--- YOUR TASK ---
All lines from the one that contains "1st Floor Flat" to the end of the data must be retyped exactly. Pictures are not retyped.

── RECORDS PROVIDED

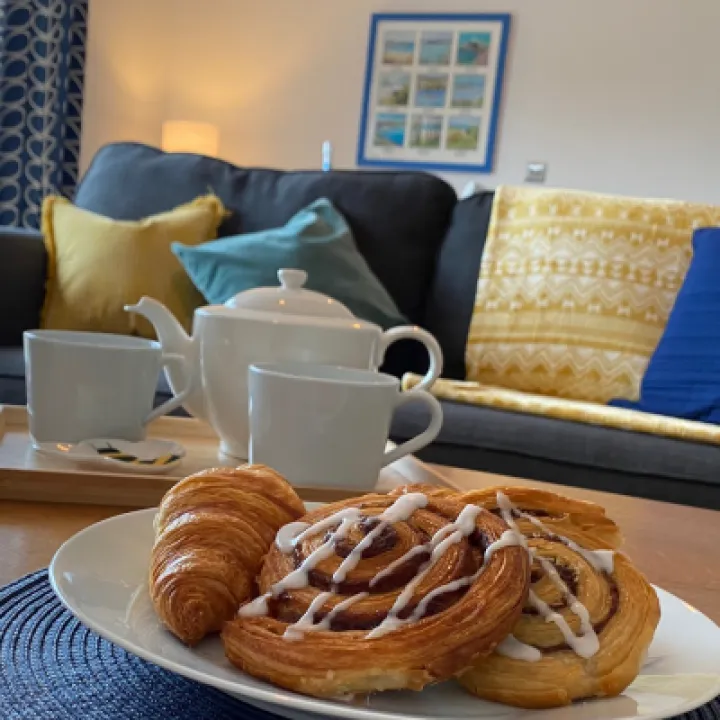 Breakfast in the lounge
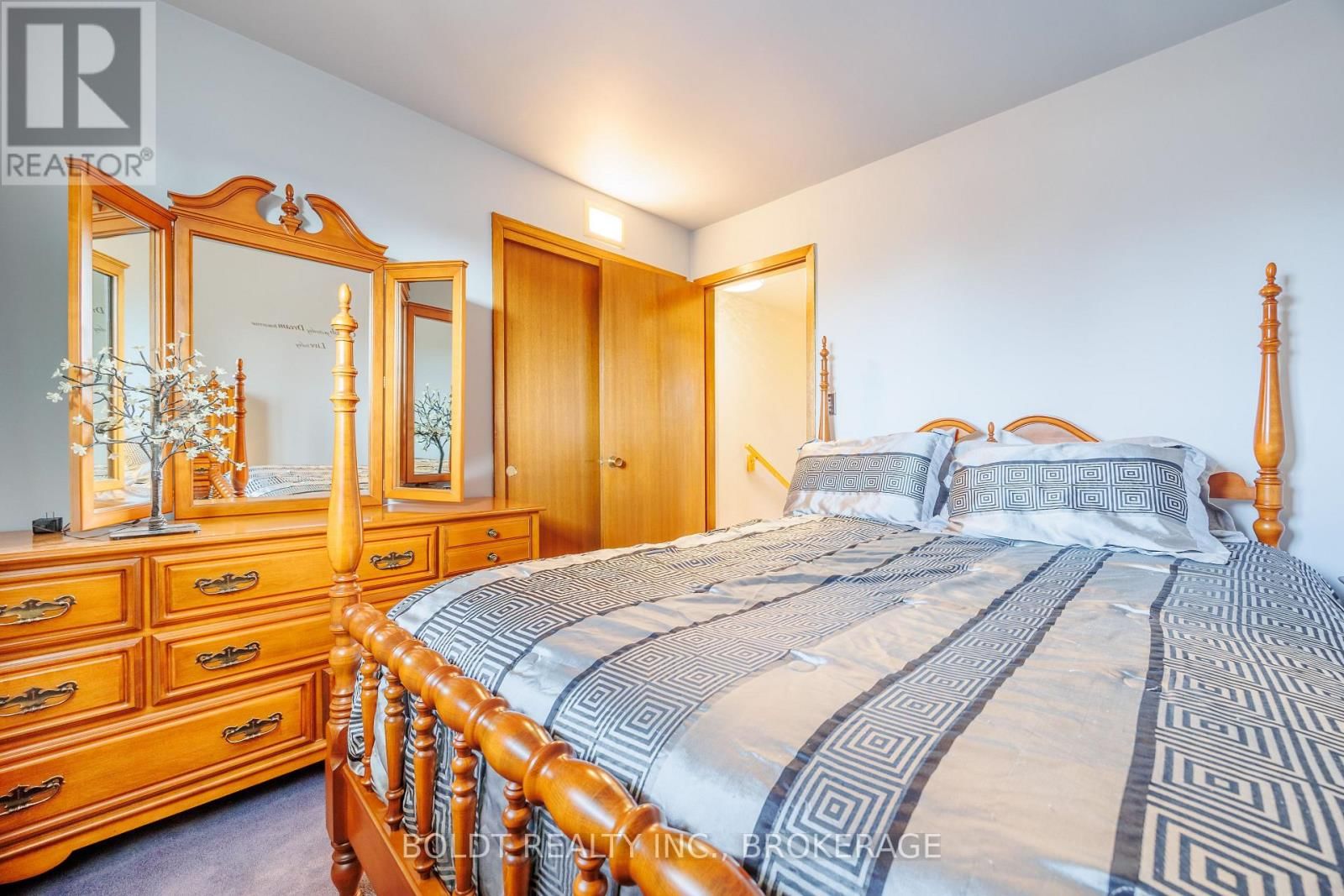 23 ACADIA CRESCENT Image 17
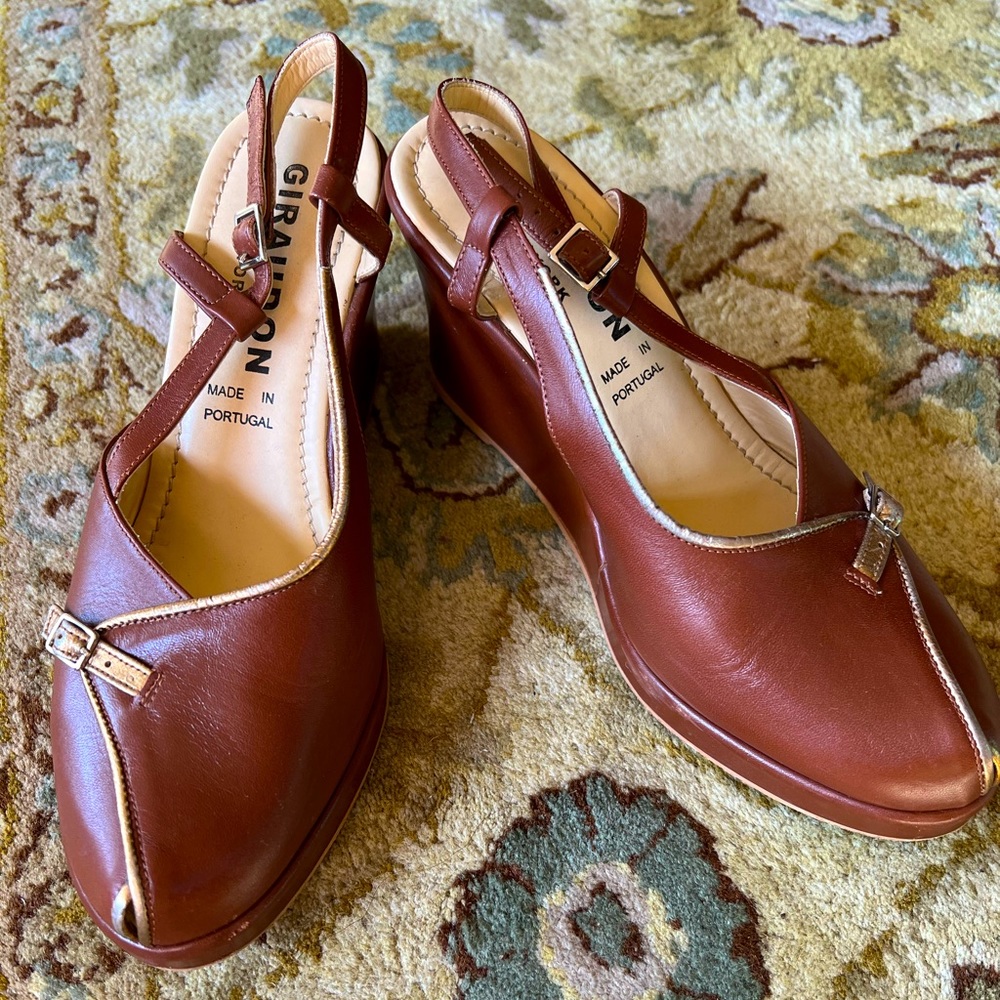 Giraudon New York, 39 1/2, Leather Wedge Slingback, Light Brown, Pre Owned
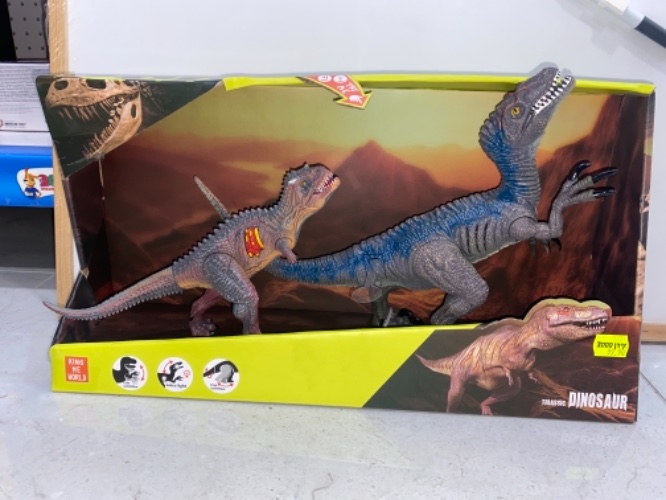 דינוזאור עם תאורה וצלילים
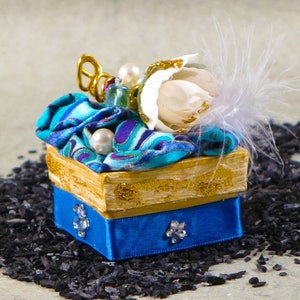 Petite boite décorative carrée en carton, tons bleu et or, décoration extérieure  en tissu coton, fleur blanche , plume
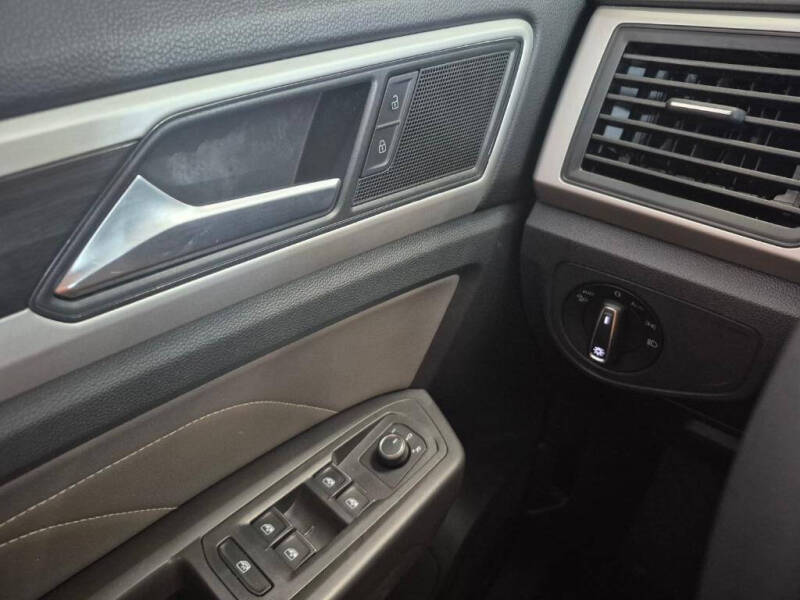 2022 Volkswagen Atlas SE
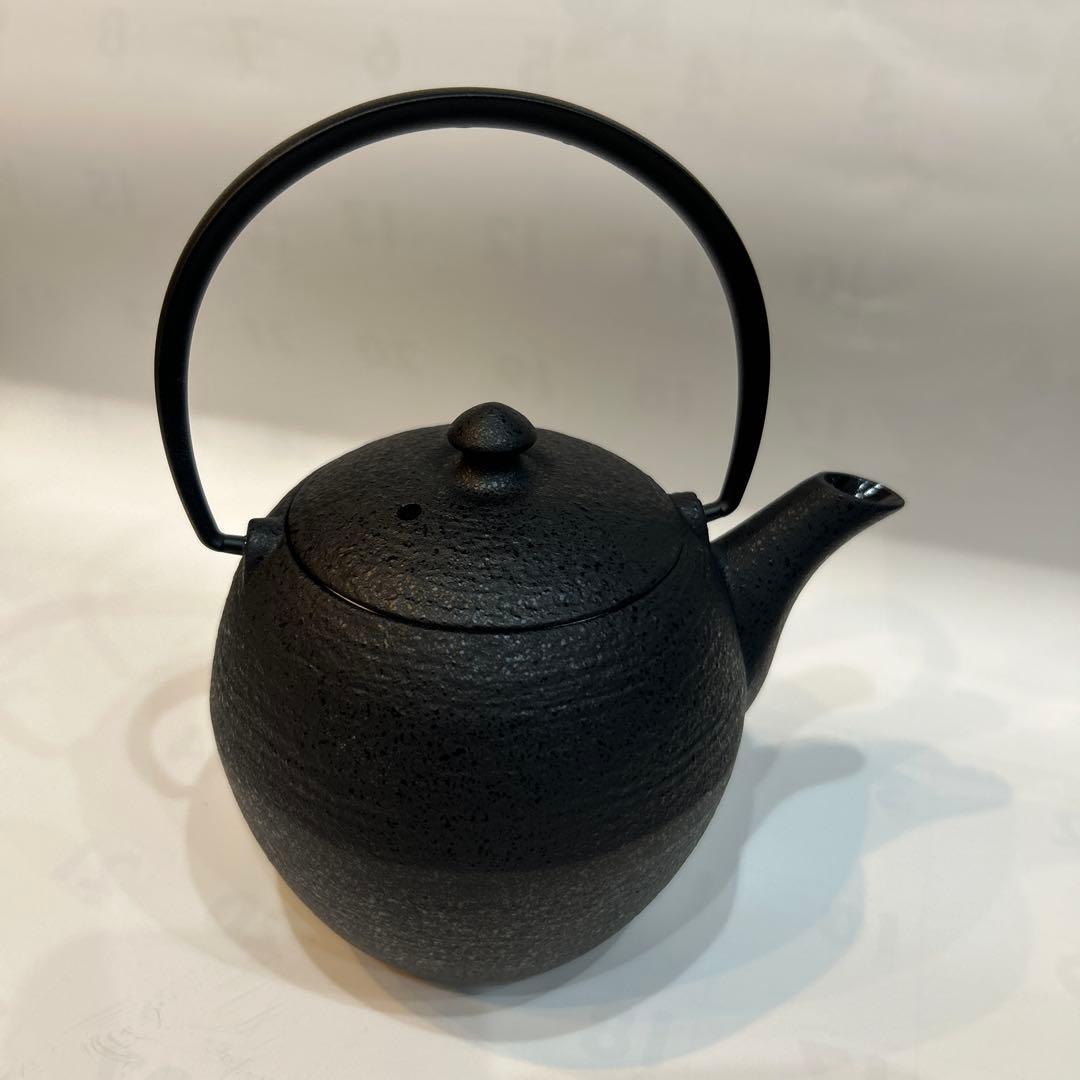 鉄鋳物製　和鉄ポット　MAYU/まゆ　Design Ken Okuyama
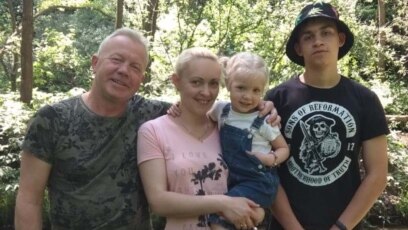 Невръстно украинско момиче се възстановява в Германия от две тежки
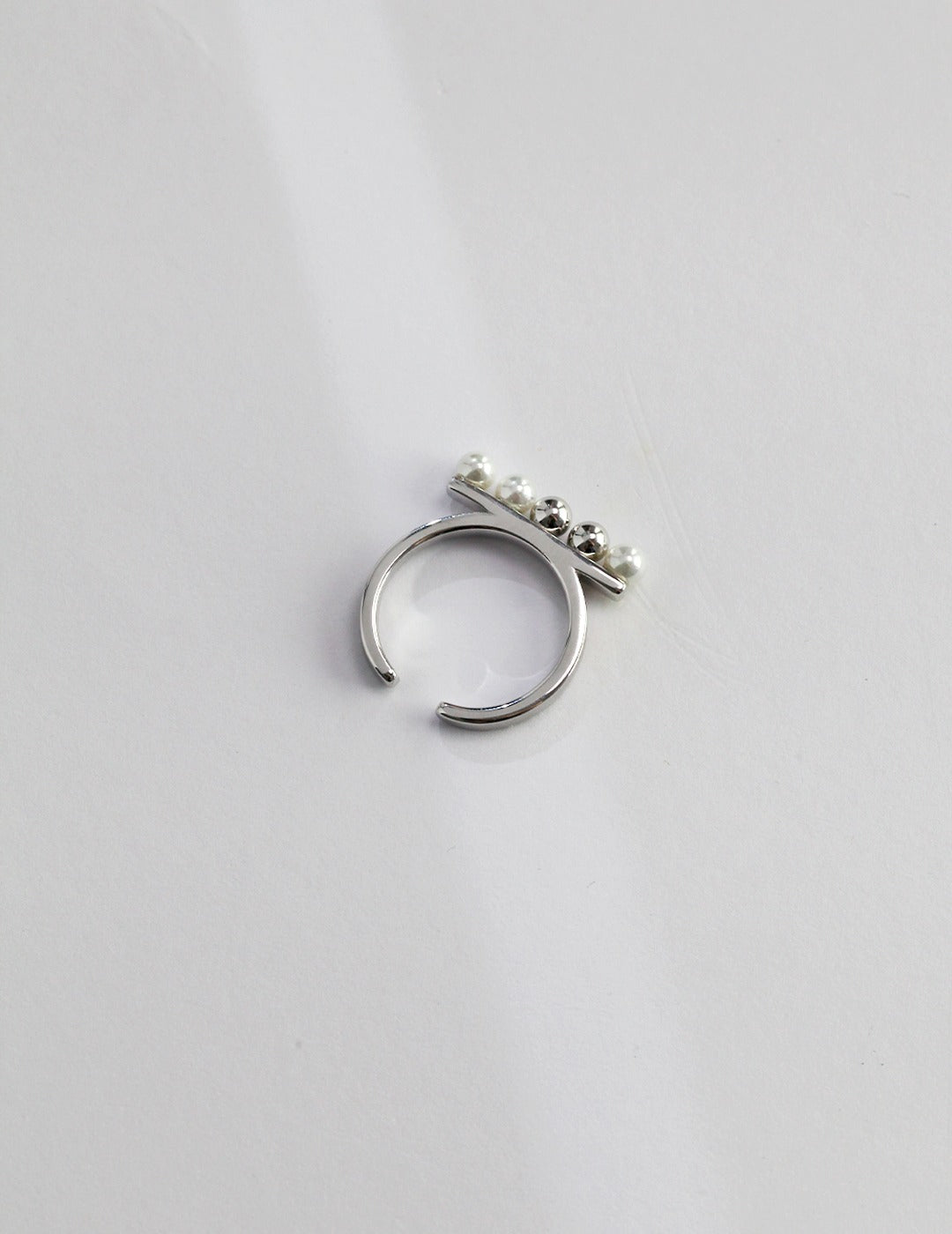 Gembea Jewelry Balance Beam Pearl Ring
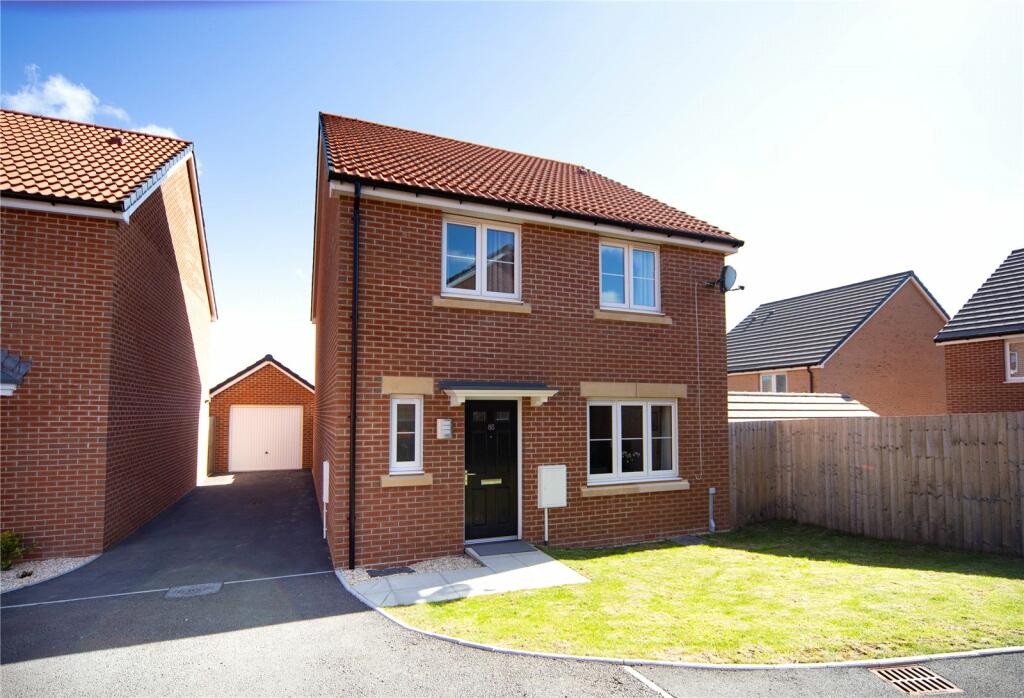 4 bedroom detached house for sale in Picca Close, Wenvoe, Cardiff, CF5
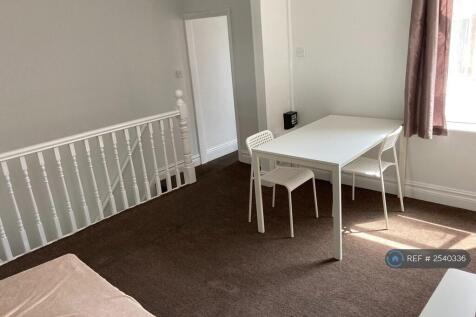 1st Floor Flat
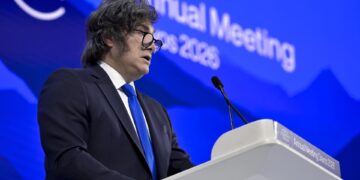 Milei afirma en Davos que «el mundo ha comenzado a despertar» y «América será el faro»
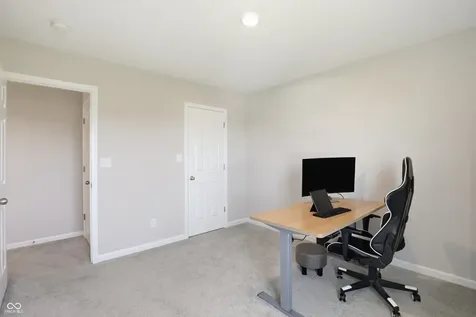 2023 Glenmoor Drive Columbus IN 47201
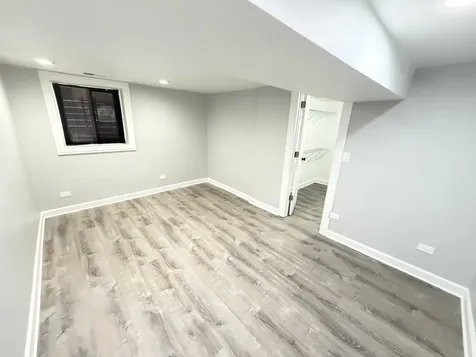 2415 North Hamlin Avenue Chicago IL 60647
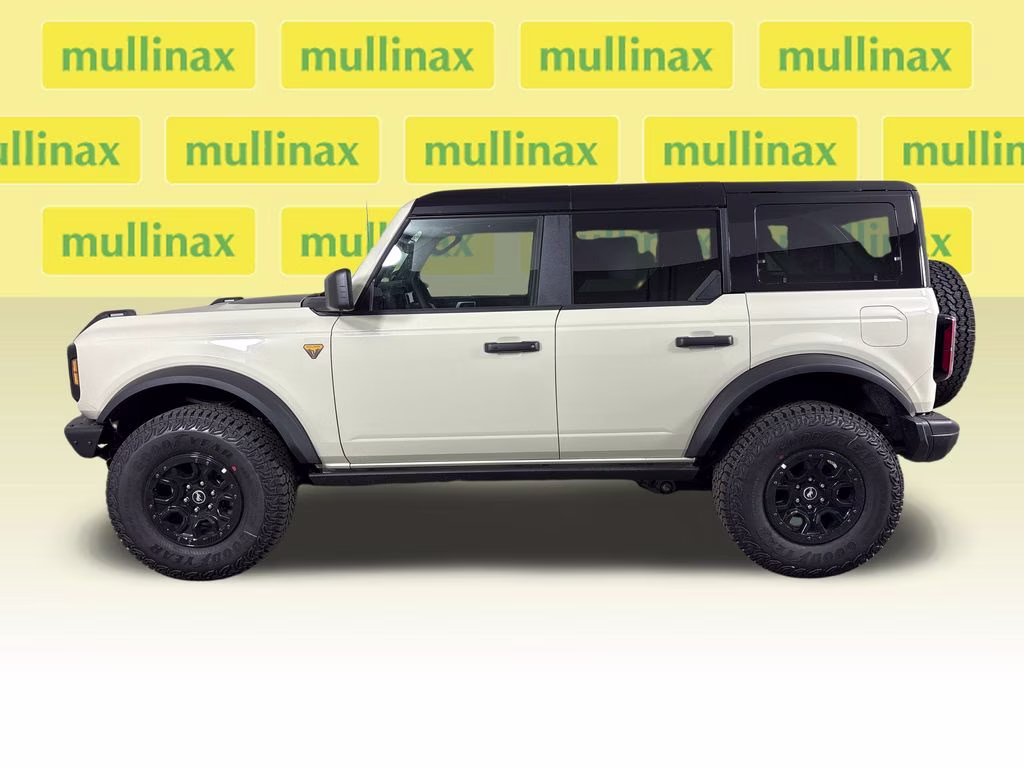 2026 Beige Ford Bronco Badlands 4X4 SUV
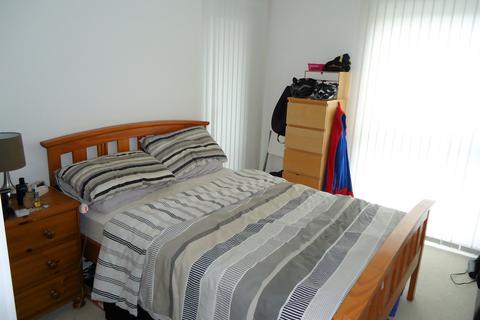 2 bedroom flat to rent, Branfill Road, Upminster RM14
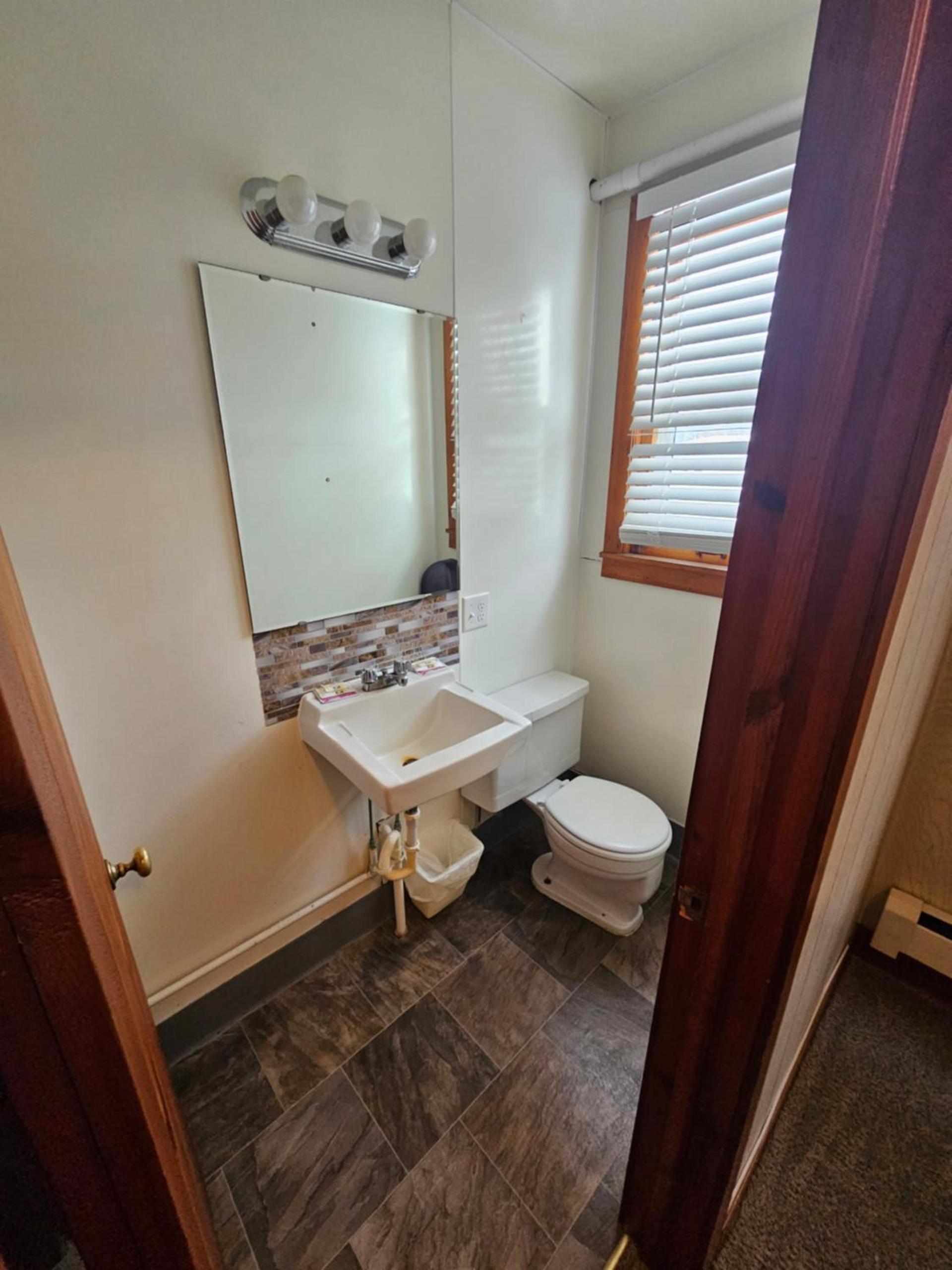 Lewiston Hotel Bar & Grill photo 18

────

--- ANSWER TO THIS EXERCISE ---
 1st Floor Flat
 Milei afirma en Davos que «el mundo ha comenzado a despertar» y «América será el faro»
 2023 Glenmoor Drive Columbus IN 47201
 2415 North Hamlin Avenue Chicago IL 60647
 2026 Beige Ford Bronco Badlands 4X4 SUV
 2 bedroom flat to rent, Branfill Road, Upminster RM14
 Lewiston Hotel Bar & Grill photo 18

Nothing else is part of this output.